Molecular Docking and Dynamics Simulation Analysis of Thymoquinone and Thymol Compounds from Nigella sativa L. that Inhibit Cag A and Vac A Oncoprotein of Helicobacter pylori: Probable Treatment of H. pylori Infections

Heena       Tabassum; Iffat    Zareen    Ahmad

Abstract

Background: Helicobacter pylori infection is accountable for most of the peptic ulcer and intestinal cancers.
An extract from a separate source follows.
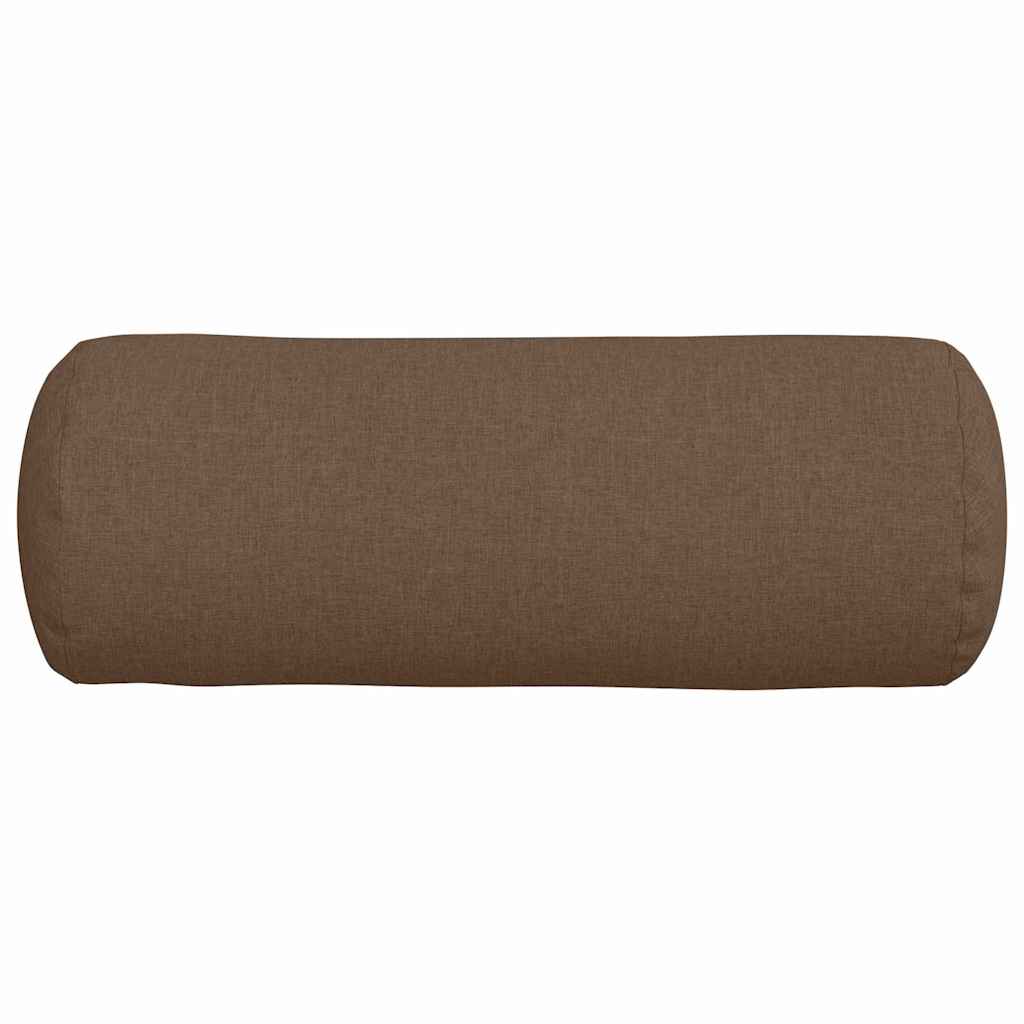 Bolsterpuder 2 pcs Brun Ø 25 x 70 cm Stof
Due to the uprising resistance towards H. pylori infection through the present and common proton pump inhibitors regimens, the investigation of novel candidates is the inevitable issue. Medicinal plants have always been a source of lead compounds for drug discovery. The research of the related effective enzymes linked with this gram-negative bacterium is critical for the discovery of novel drug targets.
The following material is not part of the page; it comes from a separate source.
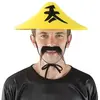Chapeau feutre chinois jaune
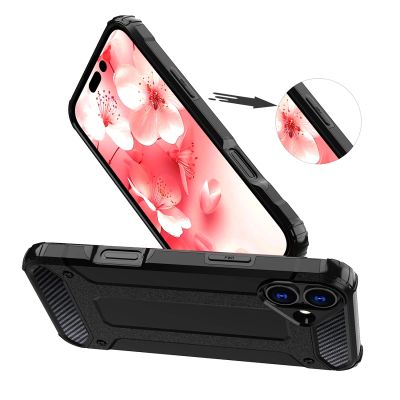 5. Hybrid Armor Panzerhülle für iPhone 16 – Schwarz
Objective: The aim of the study is to identify the best candidate to evaluate the inhibitory effect of thymoquinone and thymol against H. pylori oncoproteins, Cag A and Vac A in comparison to the standard drug, metronidazole by using a computational approach.

Materials and Methods: The targeted oncoproteins, Cag A and Vac A were retrieved from RCSB PDB. Lipinski’s rule and ADMET toxicity profiling were carried out on the phytoconstituents of the N. sativa. The two compounds of N. sativa were further analyzed by molecular docking and MD simulation studies. The reported phytoconstituents, thymoquinone and thymol present in N. sativa were docked with H. pylori Cag A and Vac A oncoproteins. Structures of ligands were prepared using ChemDraw Ultra 10 software and then changed into their 3D PDB structures using Molinspiration followed by energy minimization by using software Discovery Studio client 2.5.
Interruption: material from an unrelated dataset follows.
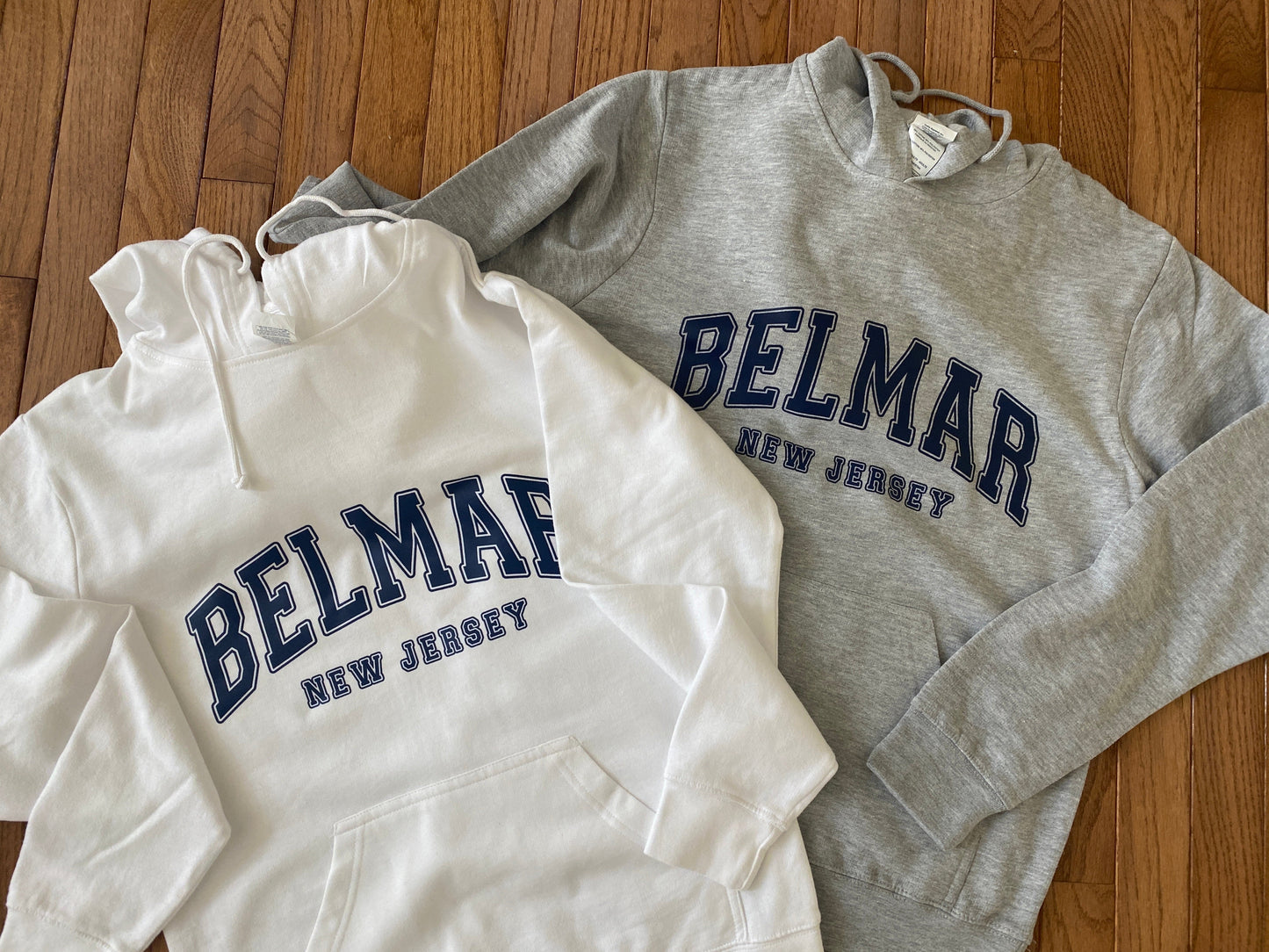 Adult White Hoodie-Belmar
Results: The docking results revealed the promising inhibitory potential of thymoquinone against Cag A and Vac A with docking energy of -5.81 kcal/mole and -3.61kcal/mole, respectively. On the contrary, the inhibitory potential of thymol against Cag A and Vac A in terms of docking energy was -5.37 kcal/mole and -3.94kcal/mole as compared to the standard drug, metronidazole having docking energy of -4.87 kcal/mole and -3.20 kcal/mole, respectively. Further, molecular dynamic simulations were conducted for 5ns for optimization, flexibility prediction, and determination of folded Cag A and Vac A oncoproteins stability. The Cag A and Vac A oncoproteins-TQ complexes were found to be quite stable with the root mean square deviation value of 0.2nm.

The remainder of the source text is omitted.